Hello, do you have any best practices concerning p...
# questions
c
Hello, do you have any best practices concerning partionned dataset ? Is there a way to optimize the loading of many files ? (it takes hours sequentially). I have seen many plugins and helpers library but they seem deprecated (not updated for years). I have thought of parallelization inside the node but it doesn't seem best practice. Is there a way to parallelize a node inside kedro and somehow scale this node in the cloud ? Thanks
m
c
Hello, if i understand correctly, ParallelRunner is unsed to run multiples nodes at once, the problem is that I only have one nodes that loads the PartitionDataset. Is there a way to parallel a specific node or to load ParititionDataset from multiples nodes ?
👍 1
m
Ah I see. I'm not quite sure. Maybe @Deepyaman Datta has some ideas for this?
d
Is there a way to parallelize a node inside kedro and somehow scale this node in the cloud ?
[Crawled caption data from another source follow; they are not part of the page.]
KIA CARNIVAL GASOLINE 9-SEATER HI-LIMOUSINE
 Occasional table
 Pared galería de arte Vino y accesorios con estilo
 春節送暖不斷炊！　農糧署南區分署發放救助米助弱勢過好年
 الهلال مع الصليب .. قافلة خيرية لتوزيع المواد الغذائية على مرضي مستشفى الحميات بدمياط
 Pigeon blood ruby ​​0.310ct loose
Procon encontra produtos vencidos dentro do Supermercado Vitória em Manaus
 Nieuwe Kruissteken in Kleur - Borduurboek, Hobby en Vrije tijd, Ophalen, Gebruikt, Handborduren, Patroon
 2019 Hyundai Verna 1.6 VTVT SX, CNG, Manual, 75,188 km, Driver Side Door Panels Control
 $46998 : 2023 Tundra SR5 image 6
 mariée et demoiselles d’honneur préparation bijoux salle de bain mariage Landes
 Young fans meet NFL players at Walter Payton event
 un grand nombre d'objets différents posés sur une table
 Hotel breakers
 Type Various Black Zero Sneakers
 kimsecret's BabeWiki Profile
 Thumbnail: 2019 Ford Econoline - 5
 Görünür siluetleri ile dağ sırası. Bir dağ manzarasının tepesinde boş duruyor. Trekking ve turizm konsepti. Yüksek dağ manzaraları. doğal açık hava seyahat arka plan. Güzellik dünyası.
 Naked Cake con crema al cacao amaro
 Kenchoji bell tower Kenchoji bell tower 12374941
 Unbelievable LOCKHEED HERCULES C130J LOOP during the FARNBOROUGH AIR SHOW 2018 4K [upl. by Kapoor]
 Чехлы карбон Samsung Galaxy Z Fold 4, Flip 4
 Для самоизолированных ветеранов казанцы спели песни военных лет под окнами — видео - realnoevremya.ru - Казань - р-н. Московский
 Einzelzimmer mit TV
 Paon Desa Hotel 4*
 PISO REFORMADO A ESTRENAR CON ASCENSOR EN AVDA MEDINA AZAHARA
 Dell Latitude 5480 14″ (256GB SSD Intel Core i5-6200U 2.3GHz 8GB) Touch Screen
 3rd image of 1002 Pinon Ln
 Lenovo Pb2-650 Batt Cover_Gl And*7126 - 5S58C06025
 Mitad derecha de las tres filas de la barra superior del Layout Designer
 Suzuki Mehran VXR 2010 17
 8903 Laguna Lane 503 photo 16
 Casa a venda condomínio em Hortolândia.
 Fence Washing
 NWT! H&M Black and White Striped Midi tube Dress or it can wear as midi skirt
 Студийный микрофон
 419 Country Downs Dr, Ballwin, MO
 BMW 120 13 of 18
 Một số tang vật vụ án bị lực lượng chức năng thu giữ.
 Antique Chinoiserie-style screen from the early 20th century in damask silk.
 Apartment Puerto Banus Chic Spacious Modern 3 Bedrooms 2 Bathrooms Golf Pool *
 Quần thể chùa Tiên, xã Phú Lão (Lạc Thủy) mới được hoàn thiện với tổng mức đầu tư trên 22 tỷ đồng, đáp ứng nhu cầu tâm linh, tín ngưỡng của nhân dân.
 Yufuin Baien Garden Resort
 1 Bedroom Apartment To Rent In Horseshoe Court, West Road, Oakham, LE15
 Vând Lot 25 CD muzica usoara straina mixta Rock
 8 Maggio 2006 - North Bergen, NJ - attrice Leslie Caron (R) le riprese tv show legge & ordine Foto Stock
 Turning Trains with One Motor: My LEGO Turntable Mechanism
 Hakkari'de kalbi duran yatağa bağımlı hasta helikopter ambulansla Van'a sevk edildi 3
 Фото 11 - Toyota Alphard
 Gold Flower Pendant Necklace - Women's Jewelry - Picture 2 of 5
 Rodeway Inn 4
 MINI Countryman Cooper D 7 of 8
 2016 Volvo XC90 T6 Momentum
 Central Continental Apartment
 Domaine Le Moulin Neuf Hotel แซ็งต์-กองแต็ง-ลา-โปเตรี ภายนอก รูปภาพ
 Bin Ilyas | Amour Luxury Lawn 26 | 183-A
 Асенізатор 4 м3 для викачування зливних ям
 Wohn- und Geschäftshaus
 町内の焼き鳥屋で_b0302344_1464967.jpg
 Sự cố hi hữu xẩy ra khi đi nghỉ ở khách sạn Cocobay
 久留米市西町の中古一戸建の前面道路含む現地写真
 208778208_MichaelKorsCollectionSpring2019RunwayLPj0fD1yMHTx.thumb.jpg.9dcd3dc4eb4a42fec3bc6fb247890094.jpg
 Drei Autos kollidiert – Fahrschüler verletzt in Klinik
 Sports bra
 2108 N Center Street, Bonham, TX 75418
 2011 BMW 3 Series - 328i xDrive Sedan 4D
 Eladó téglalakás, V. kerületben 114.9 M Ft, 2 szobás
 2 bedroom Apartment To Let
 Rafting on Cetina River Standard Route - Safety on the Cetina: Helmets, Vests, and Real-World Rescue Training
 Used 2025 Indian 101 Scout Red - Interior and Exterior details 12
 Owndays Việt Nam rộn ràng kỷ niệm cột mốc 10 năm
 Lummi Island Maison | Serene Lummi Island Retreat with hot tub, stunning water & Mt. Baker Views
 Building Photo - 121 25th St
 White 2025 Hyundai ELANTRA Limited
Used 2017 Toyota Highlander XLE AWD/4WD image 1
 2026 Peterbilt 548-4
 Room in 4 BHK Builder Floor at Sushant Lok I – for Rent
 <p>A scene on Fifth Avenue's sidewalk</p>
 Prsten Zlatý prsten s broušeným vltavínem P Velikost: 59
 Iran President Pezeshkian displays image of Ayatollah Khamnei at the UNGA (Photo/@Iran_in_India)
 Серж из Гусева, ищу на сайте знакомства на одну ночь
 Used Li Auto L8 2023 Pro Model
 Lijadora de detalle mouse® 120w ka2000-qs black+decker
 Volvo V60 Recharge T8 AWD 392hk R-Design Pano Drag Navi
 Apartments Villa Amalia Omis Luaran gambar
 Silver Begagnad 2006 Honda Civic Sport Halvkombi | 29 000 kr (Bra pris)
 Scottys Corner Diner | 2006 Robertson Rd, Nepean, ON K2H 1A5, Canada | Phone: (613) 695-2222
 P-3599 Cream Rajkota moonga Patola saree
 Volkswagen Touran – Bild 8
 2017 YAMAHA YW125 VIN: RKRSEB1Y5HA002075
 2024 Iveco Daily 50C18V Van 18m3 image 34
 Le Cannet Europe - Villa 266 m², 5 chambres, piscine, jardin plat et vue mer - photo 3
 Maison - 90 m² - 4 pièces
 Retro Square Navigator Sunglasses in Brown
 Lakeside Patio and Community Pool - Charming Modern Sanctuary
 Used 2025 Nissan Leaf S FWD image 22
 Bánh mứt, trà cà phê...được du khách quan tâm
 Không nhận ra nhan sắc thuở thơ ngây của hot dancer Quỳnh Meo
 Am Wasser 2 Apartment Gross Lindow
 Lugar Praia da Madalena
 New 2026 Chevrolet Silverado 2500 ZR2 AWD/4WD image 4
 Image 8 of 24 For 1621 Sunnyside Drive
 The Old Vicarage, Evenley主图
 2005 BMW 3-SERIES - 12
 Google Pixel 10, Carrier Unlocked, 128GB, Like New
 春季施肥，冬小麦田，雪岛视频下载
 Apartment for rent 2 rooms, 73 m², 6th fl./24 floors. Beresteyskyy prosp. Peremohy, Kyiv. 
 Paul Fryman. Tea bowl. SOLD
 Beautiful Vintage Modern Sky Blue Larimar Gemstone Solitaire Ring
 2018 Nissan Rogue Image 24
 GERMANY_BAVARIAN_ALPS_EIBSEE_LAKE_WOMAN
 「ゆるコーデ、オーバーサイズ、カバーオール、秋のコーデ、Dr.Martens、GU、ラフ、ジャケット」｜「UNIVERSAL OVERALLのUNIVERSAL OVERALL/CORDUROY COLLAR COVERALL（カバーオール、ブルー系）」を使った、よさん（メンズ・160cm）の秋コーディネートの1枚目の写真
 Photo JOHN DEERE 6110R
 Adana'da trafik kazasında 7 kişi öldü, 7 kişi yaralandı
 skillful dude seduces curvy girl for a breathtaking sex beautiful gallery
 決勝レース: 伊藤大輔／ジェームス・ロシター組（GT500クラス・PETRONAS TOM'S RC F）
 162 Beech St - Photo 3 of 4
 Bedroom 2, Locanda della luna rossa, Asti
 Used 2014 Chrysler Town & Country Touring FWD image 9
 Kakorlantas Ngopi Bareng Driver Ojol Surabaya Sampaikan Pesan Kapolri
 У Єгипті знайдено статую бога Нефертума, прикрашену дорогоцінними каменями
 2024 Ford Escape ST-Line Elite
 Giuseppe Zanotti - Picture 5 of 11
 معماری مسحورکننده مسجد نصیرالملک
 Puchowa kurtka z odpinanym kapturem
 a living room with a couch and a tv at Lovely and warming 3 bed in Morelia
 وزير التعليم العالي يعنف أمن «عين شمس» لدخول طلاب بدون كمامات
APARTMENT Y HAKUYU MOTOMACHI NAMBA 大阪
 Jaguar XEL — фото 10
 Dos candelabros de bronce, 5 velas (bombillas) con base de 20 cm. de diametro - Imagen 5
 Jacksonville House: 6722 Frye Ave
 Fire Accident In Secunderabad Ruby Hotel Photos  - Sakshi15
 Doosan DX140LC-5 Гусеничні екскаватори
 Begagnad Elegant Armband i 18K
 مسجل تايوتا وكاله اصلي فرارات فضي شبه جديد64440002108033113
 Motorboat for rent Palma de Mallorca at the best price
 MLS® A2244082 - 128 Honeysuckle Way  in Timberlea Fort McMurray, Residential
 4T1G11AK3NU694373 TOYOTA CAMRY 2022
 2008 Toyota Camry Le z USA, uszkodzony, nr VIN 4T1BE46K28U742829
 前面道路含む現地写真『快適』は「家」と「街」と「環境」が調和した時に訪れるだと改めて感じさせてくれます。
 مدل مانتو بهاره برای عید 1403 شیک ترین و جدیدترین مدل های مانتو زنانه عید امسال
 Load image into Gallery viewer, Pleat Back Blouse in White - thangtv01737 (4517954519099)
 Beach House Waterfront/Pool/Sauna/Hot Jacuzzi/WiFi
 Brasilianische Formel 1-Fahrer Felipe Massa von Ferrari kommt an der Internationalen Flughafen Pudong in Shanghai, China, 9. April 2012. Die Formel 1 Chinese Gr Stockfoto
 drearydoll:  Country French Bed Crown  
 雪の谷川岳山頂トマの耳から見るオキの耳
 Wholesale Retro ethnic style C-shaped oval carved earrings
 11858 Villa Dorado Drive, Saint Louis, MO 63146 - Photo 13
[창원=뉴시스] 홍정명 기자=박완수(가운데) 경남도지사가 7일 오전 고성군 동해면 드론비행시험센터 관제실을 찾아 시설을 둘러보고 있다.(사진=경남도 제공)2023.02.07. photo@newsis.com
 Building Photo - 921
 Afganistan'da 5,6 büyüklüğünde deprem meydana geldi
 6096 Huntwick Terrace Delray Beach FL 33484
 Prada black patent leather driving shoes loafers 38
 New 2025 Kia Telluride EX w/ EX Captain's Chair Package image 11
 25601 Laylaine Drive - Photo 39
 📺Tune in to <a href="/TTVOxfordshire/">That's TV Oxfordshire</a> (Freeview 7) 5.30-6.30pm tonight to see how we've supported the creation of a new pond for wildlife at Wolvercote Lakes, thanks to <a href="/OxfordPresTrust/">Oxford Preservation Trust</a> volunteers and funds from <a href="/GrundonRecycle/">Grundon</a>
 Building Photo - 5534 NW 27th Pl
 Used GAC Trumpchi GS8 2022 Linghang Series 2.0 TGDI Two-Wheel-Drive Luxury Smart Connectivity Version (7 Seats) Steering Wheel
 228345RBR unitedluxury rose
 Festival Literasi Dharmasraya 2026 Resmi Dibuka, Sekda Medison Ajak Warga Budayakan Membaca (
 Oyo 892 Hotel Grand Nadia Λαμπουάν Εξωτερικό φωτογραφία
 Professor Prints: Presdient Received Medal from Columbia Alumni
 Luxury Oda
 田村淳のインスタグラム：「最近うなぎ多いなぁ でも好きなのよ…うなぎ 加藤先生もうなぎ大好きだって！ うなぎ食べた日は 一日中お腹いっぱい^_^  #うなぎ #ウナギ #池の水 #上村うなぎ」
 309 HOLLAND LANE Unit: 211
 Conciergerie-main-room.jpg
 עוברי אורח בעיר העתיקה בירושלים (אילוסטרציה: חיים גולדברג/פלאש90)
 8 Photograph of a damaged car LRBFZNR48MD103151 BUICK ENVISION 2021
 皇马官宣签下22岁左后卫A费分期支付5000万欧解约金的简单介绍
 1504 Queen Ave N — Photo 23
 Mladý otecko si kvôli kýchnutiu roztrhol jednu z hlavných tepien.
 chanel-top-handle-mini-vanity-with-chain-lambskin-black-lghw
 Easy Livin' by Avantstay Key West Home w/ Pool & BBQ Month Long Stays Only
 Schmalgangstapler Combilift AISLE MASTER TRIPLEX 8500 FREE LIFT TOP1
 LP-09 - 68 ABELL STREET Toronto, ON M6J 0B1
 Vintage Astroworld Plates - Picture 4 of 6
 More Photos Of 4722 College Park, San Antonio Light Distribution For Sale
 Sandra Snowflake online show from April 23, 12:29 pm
I feel like I get kind of what you're looking for (a lot of orchestrators let you provide per-node resourcing), but there's no direct way to do something like this in Kedro.
I have thought of parallelization inside the node but it doesn't seem best practice.
I think it's not that bad an idea. If you're using
PartitionedDataset
, your code inside the node is already tailored towards handling partitions, so further modifying it to load in parallel isn't a bad idea. There's
--async
to load/save multiple datasets in parallel. Unfortunately, this won't do for partitions in
PartitionedDataset
. However, we could consider extending it to process partitions in parallel? Last but not least, not exactly using
PartitionedDataset
, but you could consider using something like Dask (or another distributed processing framework). Depends on whether you need to process these partitions in parallel, too. In Dask, each partition is a pandas DataFrame.